*** Opening SUPPLIED RECORDS ***

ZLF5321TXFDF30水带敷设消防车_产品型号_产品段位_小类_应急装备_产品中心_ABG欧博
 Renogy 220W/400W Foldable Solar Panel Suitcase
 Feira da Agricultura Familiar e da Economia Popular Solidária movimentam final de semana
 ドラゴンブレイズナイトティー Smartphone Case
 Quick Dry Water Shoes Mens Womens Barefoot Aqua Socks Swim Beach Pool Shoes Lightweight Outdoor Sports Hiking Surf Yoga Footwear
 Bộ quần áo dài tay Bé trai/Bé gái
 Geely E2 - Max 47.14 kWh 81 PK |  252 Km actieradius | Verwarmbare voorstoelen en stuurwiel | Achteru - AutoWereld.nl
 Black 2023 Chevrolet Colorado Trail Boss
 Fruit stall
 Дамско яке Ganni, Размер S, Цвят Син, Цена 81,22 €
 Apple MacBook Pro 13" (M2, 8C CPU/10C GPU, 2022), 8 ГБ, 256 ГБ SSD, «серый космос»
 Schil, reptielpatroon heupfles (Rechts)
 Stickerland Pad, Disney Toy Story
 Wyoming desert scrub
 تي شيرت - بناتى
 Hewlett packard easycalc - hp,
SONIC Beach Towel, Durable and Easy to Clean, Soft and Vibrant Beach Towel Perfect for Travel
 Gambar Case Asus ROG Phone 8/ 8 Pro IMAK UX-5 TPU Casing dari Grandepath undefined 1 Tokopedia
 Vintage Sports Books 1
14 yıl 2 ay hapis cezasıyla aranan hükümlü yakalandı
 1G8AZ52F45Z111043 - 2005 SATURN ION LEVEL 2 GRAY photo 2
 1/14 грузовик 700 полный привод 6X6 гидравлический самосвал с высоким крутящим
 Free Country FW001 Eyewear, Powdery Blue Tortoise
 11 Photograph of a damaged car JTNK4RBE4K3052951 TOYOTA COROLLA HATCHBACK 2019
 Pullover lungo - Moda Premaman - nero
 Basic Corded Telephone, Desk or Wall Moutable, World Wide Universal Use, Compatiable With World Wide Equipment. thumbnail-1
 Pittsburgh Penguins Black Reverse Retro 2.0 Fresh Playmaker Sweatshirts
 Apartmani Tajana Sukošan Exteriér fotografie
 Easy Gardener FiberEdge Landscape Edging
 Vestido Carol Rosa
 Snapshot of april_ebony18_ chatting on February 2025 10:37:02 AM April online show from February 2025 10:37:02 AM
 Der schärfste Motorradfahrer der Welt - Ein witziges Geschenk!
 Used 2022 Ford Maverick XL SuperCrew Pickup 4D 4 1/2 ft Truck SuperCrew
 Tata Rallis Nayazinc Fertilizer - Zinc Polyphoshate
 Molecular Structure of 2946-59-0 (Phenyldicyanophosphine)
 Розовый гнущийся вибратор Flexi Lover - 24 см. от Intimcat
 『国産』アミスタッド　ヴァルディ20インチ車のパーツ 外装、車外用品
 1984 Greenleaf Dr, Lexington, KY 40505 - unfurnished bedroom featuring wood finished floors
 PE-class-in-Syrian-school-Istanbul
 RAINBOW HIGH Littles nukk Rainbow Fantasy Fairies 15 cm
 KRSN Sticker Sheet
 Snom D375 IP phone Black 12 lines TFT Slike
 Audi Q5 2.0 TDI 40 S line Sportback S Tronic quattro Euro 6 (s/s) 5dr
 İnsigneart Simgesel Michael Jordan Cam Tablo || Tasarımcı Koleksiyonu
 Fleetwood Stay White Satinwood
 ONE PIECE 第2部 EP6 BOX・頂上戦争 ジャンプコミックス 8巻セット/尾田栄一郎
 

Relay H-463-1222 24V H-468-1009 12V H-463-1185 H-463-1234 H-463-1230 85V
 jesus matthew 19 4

*** Closing SUPPLIED RECORDS ***

**DIRECTIONS**.
Return the entries exactly through the "Hewlett packard easycalc" line.

**EXERCISE OUTPUT**.
ZLF5321TXFDF30水带敷设消防车_产品型号_产品段位_小类_应急装备_产品中心_ABG欧博
 Renogy 220W/400W Foldable Solar Panel Suitcase
 Feira da Agricultura Familiar e da Economia Popular Solidária movimentam final de semana
 ドラゴンブレイズナイトティー Smartphone Case
 Quick Dry Water Shoes Mens Womens Barefoot Aqua Socks Swim Beach Pool Shoes Lightweight Outdoor Sports Hiking Surf Yoga Footwear
 Bộ quần áo dài tay Bé trai/Bé gái
 Geely E2 - Max 47.14 kWh 81 PK |  252 Km actieradius | Verwarmbare voorstoelen en stuurwiel | Achteru - AutoWereld.nl
 Black 2023 Chevrolet Colorado Trail Boss
 Fruit stall
 Дамско яке Ganni, Размер S, Цвят Син, Цена 81,22 €
 Apple MacBook Pro 13" (M2, 8C CPU/10C GPU, 2022), 8 ГБ, 256 ГБ SSD, «серый космос»
 Schil, reptielpatroon heupfles (Rechts)
 Stickerland Pad, Disney Toy Story
 Wyoming desert scrub
 تي شيرت - بناتى
 Hewlett packard easycalc - hp,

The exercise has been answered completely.